Ein Agent, den man nicht bewerten kann, ist nicht autonom. Er ist unbeaufsichtigt.

Warum die unscheinbaren Primitive das Produkt sind

Memory, Policy, Traces, Evals. Nichts davon lässt sich gut fotografieren. Alles davon trennt einen Agenten, der im Raum funktioniert, von einem, der in der Welt funktioniert.

Memory ermöglicht es einem Agenten, auf das zu handeln, was er eine Sekunde zuvor wusste, anstatt die Welt bei jedem Aufruf neu zu entdecken — und eine Runtime muss die Grenze zwischen dauerhaftem Wissen und dem Arbeitsbereich eines einzelnen Laufs ziehen, denn wer beides vermischt, bringt einen Agenten dazu, seinen eigenen Halluzinationen zu vertrauen. Policy ist der Unterschied zwischen einem Tool, das ein Agent aufrufen kann, und einem, das er gerade darf — gegeben, für wen er handelt und was er in dieser Stunde bereits getan hat. Traces verwandeln „der Agent hat etwas Seltsames getan" in eine konkrete Entscheidung, auf einer konkreten Eingabe, mit dem konkreten Kontext, den er hatte — der Unterschied zwischen Debugging und Raten.

Evals sind das Primitiv, das Teams zuletzt entdecken und zuerst brauchen. Ohne sie bedeutet „der Agent funktioniert" nur „noch hat sich niemand lautstark beschwert." Mit ihnen wird jeder Lauf bewertet — gegen Ground Truth, wo sie existiert, gegen Regeln und Rubriken, wo sie es nicht tut — und eine Regression erscheint als eine Zahl, die sich bewegt hat, bei der Änderung, die sie bewegt hat, bevor sie einen Kunden erreicht.

Orchestrierung ist Mittel, nicht Zweck

Agent-Orchestrierung bekommt die meiste Aufmerksamkeit — der Graph der Schritte, die Wiederholungen, die Übergaben zwischen Agenten und Unteragenten. Sie ist wichtig. Aber Orchestrierung ohne Governance ist nur ein schnellerer Weg, das Falsche in großem Maßstab zu tun — und Orchestrierung ohne Evaluation ist ein schnellerer Weg, es unbemerkt zu tun.

Algenta behandelt Orchestrierung als eine Schicht einer KI-Agenten-Runtime-Umgebung, nicht als deren Gesamtheit. Ein Plan kann verzweigen, andere Agenten aufrufen, eine Simulation ausführen, um eine Aktion vor dem Commit zu testen, und auf einen Menschen warten, wenn die Policy es verlangt — und jeder dieser Schritte landet im selben Trace, geregelt durch dieselbe Policy, bewertet durch dieselben Evals.
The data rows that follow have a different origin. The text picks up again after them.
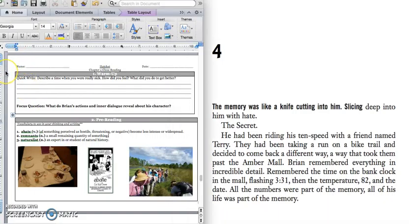Happy Friday, 5th grade! We are going to get started with a quick write.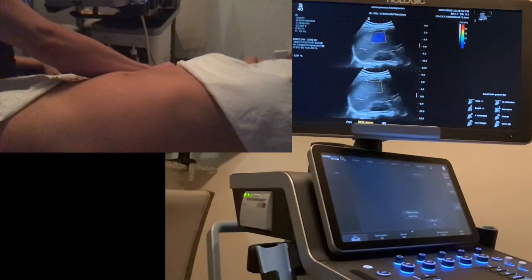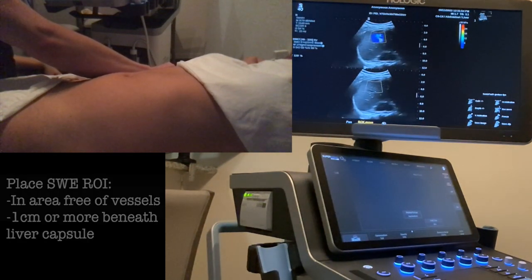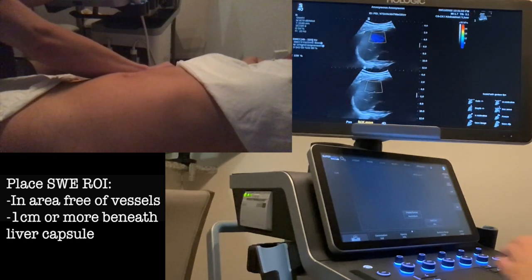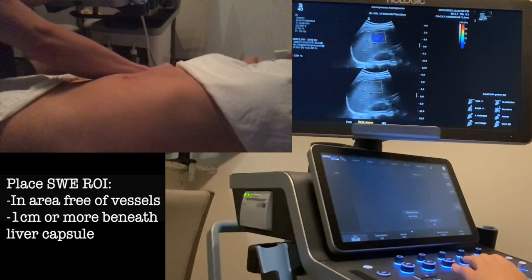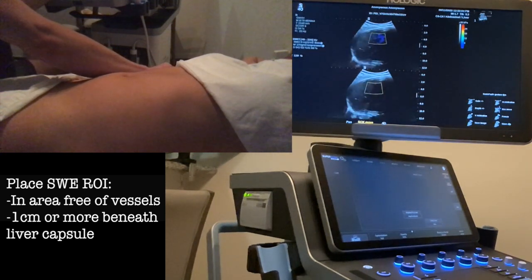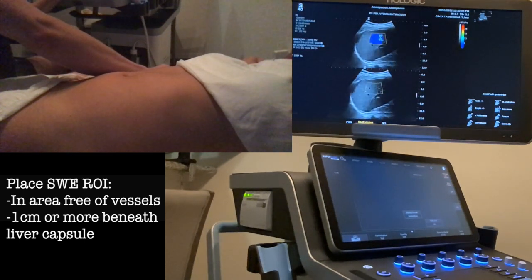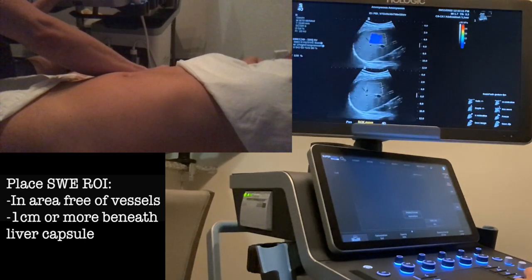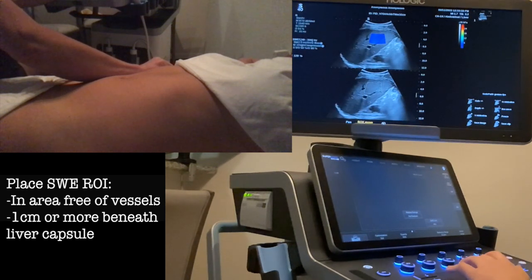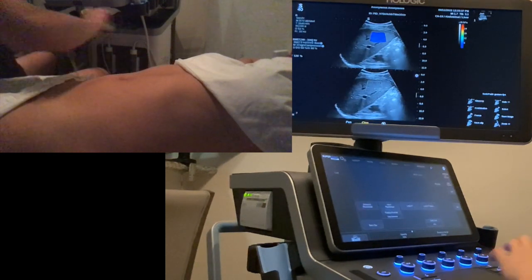Pushing SWE brings up a dual screen showing a color code. Blue is good; red is bad — and you can see we have a nice blue readout. I also want to make sure the measurement is at least a millimeter beneath the liver capsule, so I move my reference box down by touching the touchpad. I get a nice image beneath that capsule and freeze.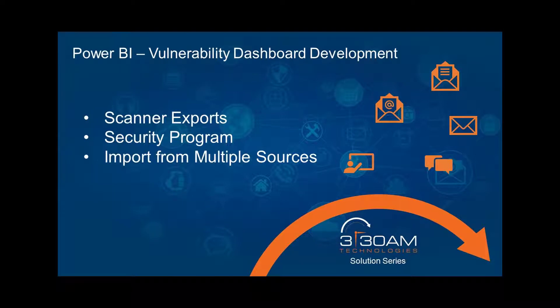Hi Team 330, I hope you're doing well and running on great coffee. In this 3.30M Solutions Series video, I want to talk to you about developing a vulnerability dashboard that reviews data from exports created by a scanner that needs to be reported to management.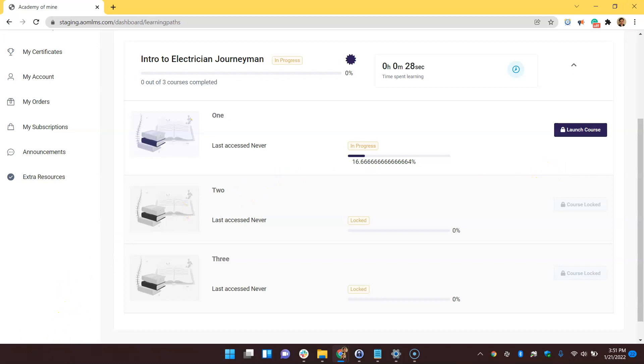Of course, if a student purchases a course that's associated with a learning path, they will still be enrolled in the learning path the same way that they would in the example where the admin enrolled a user from the back end like I showed you today. If you want to learn more about how you can onboard users and enroll them into courses in bulk in Academy of Mind, I'll put a video on the screen right now.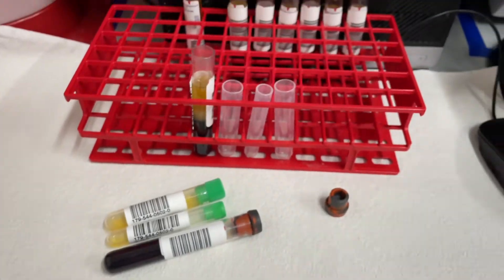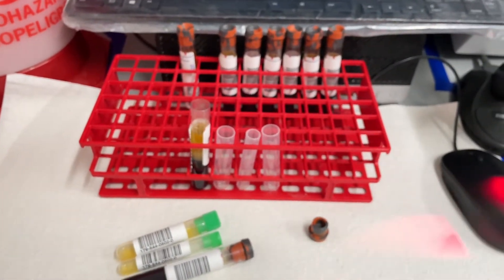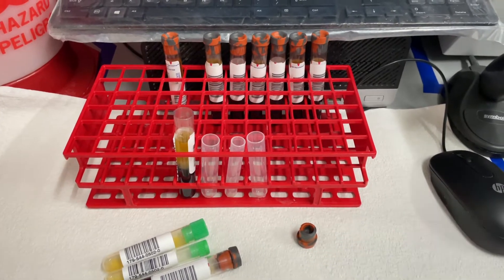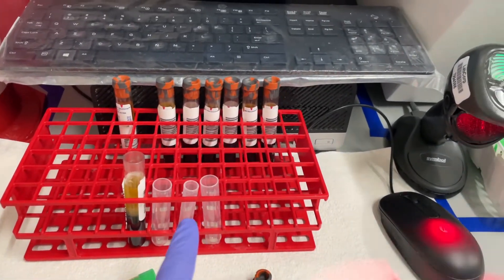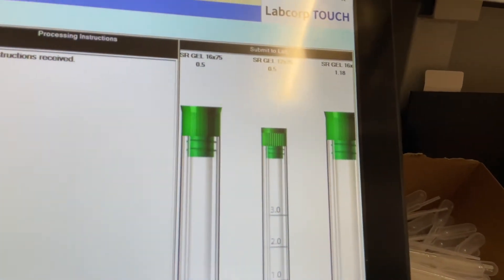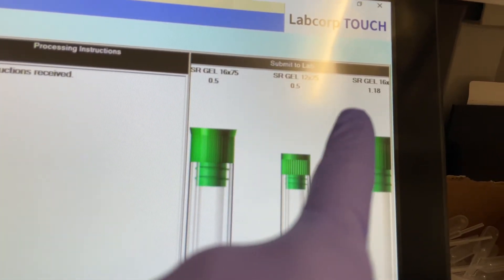We're back here in the laboratory. After I drew my patient's blood, I put my SSTs on a rack so they can clot for 30 minutes. After that, I spin them in the centrifuge, then I take my SST and scan it. As soon as I scan it, instructions come up on the computer screen telling me what I need to do to prepare my specimens for the scientist.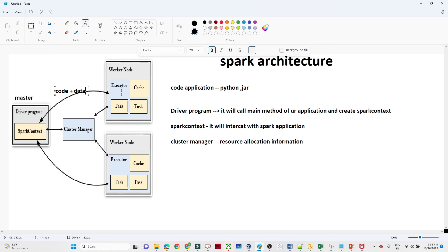To summarize: the driver program calls the main method and creates a SparkContext; the SparkContext interacts with the cluster manager; the cluster manager provides resource information; the SparkContext sends code and data to the worker node for processing; and the result is sent back to the SparkContext. We will discuss more about the DAG and further architecture details in the next video.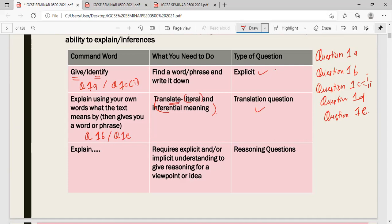The last command word in reading comprehension is 'explain,' which appears in question 1C2. This requires you to provide an understanding of both implicit and explicit ideas — most probably giving a reasoning for a viewpoint. This is a reasoning question where you are required to write more than what is given in the text.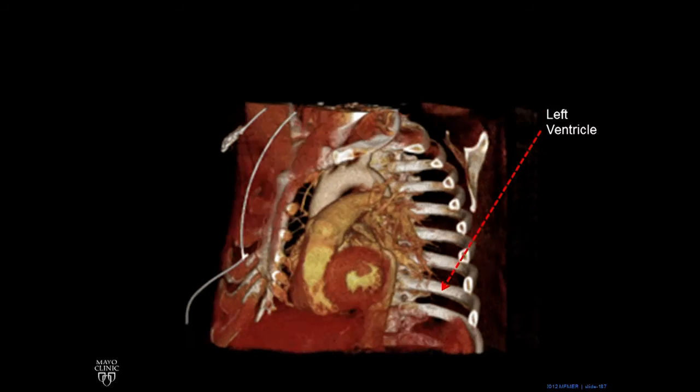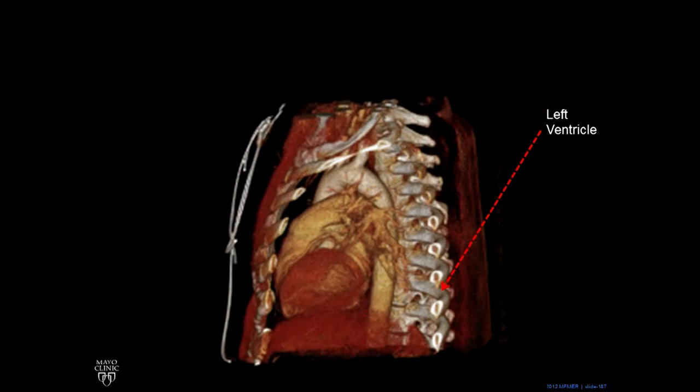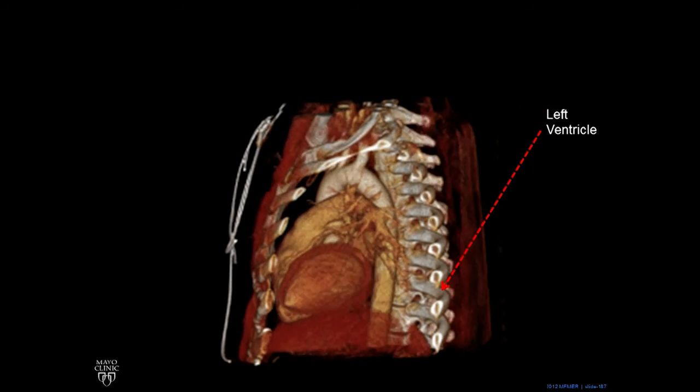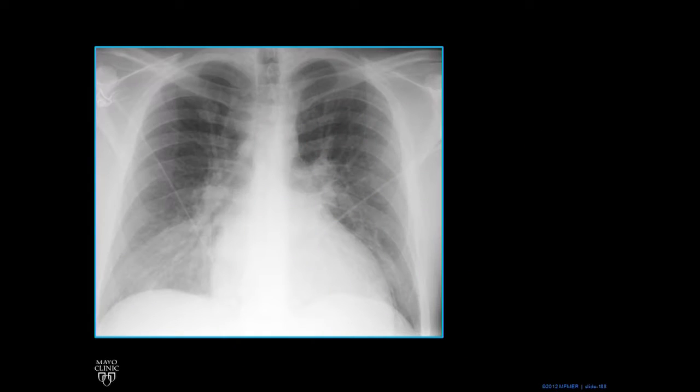We rotate it around, and now you can see the sort of football shape to it, and it points not straight to the left, but a little bit off axis.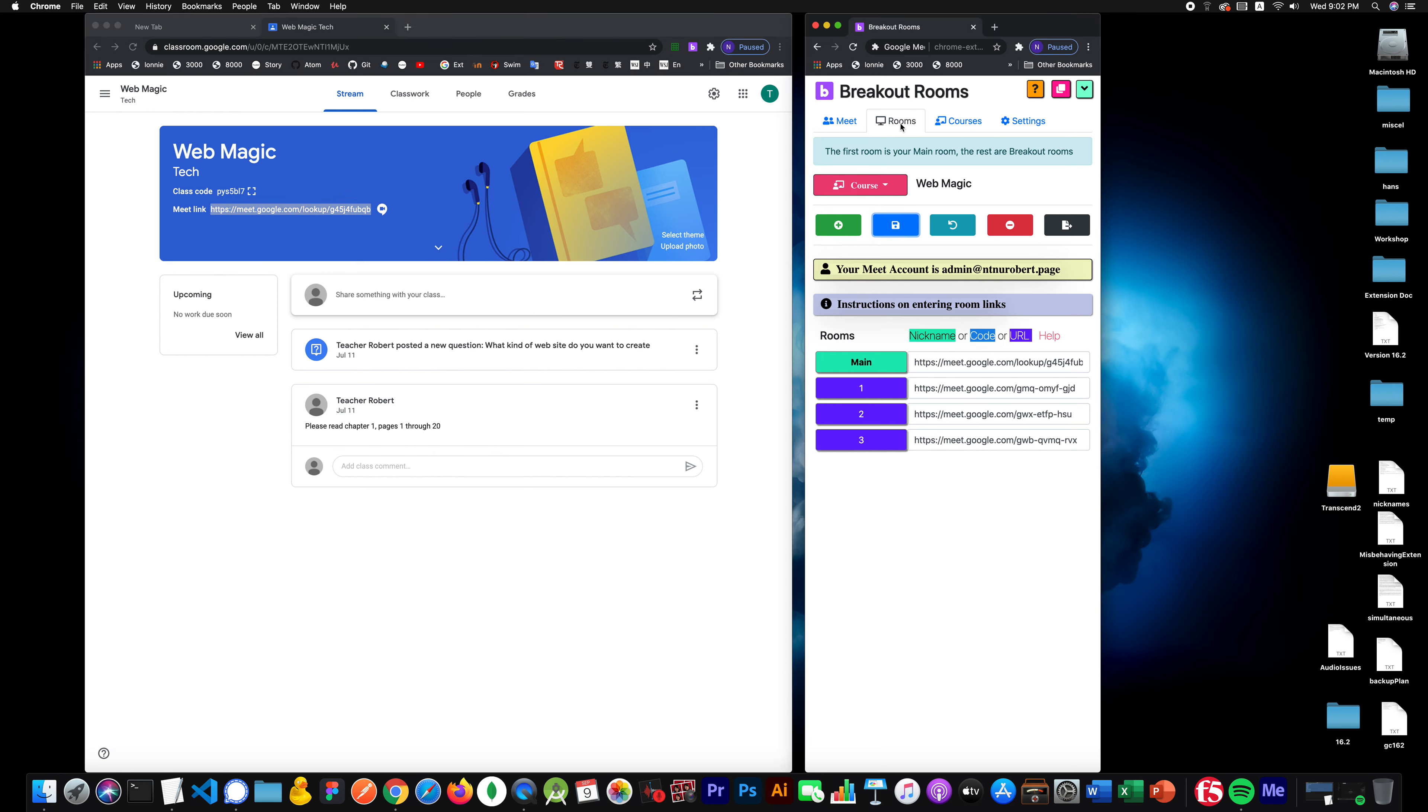In your Rooms tab, you'll click on the far right-hand button, the black button, which is the export import. So you as the teacher need to export this data and send it to the co-teacher, and the co-teacher will import it. So we'll do this right now.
Die Orchestrierung entscheidet, was als nächstes geschieht. Die Runtime entscheidet, ob es erlaubt ist — und ob es richtig war.

Das ist der stille Anspruch hinter einer KI-Agenten-Runtime-Plattform: dass Wahrnehmen, Planen, Handeln und Urteilen nicht für jedes Team, das einen Agenten im Produktionsbetrieb will, von Hand zusammengesetzt werden sollten. Es ist Infrastruktur. Man sollte sie voraussetzen können wie die Dauerhaftigkeit einer Datenbank.

Was sich ändert, wenn der Loop geschlossen ist

Wenn der vollständige Loop läuft — wenn Evaluation kein Nachgedanke ist, sondern der vierte Takt jedes Zyklus — verändert sich der Charakter der Arbeit. Autonome KI-Agenten hören auf, etwas zu sein, das man startet und hofft, und werden zu etwas, das man betreiben kann: beobachten, begrenzen, korrigieren und innerhalb definierter Grenzen vertrauen.

Das ist die Grenze zwischen einem Demo und operativer Intelligenz. Ein Demo bittet um Glauben. Eine Runtime ermöglicht Überprüfung. Die Teams, die autonome KI-Agenten in großem Maßstab betreiben werden, sind jene, die früh entscheiden, dass die unscheinbaren Primitive das Produkt sind — und dass ein Agent, der nicht bewertet werden kann, nicht unbeaufsichtigt handeln darf.